¿Qué va a pasar en Venezuela? (I)
La pregunta se la hacen estos días difíciles la mayoría de los venezolanos, acorralados desde el año pasado por la inflación galopante y el desabastecimiento que no cesa, y ahora por el temor a lo que pueda ocultarse tras los estados de excepción y la militarización sistemática del país:
¿Habrá o no habrá elecciones el 6 de diciembre?
El primer hecho a destacar es que el mayor aporte de Hugo Chávez a la causa de la revolución socialista en América Latina fue abandonar la lucha armada como vía rápida para conquistar el poder, tal como él lo había intentado el 4 de febrero, y luego, en lugar de usar el terror para conservarlo, recurrir a sucesivas circunvalaciones electorales, perfectamente administradas desde la cúpula de un poder cada día más absoluto, y avanzar así, gradualmente, de elección bajo control en elección bajo control, dos pasos adelante y uno atrás, hacia la liquidación de la democracia representativa como meta irrenunciable de su proyecto político.
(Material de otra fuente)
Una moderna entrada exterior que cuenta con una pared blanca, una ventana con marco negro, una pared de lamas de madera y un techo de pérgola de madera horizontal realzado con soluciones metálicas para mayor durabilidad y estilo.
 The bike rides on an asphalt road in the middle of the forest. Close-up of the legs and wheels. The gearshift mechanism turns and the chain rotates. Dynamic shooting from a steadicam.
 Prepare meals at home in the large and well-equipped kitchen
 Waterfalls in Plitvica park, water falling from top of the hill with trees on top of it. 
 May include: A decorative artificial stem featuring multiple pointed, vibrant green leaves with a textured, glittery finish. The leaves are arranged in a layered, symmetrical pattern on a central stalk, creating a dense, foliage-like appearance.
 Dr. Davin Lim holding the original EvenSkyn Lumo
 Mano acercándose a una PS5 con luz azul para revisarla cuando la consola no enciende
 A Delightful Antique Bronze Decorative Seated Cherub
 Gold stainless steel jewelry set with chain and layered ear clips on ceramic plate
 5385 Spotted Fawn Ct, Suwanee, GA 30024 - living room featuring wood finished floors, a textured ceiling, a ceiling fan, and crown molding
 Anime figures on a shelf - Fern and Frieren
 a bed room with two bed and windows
En otras palabras, buscar el mismo mar de la felicidad cubana, pero por otros medios, como advirtió en su primer discurso de toma de posesión, febrero de 1999, pues al fin creyó haber comprendido que la política es en realidad la guerra por otros medios. O sea, Von Clausewitz, pero al revés.
De esta manera sinuosa, sin generar excesiva desconfianza ni abierta hostilidad en el entorno, supo imprimirle a su retorcido empeño un origen en apariencia legítimo, incluso irreprochable, y una falsa aunque duradera respetabilidad, que le permitió arropar a buena parte de la oposición en la tarea común de disimular al régimen con un cierto barniz de normalidad democrática, todo lo heterodoxa que se quisiera, pero suficientemente democrática, entre otras razones, porque premiaba a quienes en la oposición lo aceptaran con “espacios” más o menos suculentos del aparato burocrático del Estado. El régimen de Vichy en estado de gracia.
Chávez demostró, además, que a fuerza del populismo más desenfrenado, ¡viva Perón!, era fácil terminar de desacreditar a la clase política tradicional que habían representado Acción Democrática y Copei, heridos de muerte por la corrupción, el oportunismo de sus cúpulas y las consecuencias devastadoras del neoliberalismo salvaje aplicado sin mucha piedad en todo el continente desde los controversiales tiempos de Ronald Reagan y Margaret Thatcher. Gracias a lo cual, por el sendero de excitar la indignación popular, resultaba fácil derrotarlos con sus propias armas y redactar nuevas constituciones para crear condiciones propicias a la ruptura, convenientemente adornada en este caso con algunas formalidades de la vieja democracia que se aspiraba a destruir. Por último, imponer reelecciones indefinidas celebradas periódicamente pero sujetas a las reglas del más feroz ventajismo oficial.
Tras el ejemplo de Chávez vinieron Evo Morales, Rafael Correa y la imprevista resurrección de Daniel Ortega, Cuba se instaló por fin en el punto más elevado del altar latinoamericano y alrededor de ellos se fue armando una fila de aliados de mucho peso, Luiz Inácio Lula da Silva, Dilma Rousseff, Néstor y Cristina Kirchner, en mucho menor grado Michelle Bachelet, Ernesto Samper y hasta Juan Manuel Santos después de llegar a la Presidencia de su país.
Esta situación se alteró súbitamente con la muerte de Chávez y su inexplicable decisión de seleccionar a Nicolás Maduro como su sucesor. Error cuya consecuencia, tras la pérdida del líder y de la magia de su carisma, ha sido la suma de todas las calamidades. Incluyendo el dramático desvanecimiento del hasta ese instante arrollador movimiento chavista y que da lugar a la segunda e inevitable parte de la pregunta que nos hacíamos. Si a pesar de todo se celebran las elecciones parlamentarias, ¿reconocería el régimen la derrota, derrota que a todas luces sería aplastante, y aquí, señoras y señores, se iniciaría en efecto una etapa distinta por completo de la historia nacional?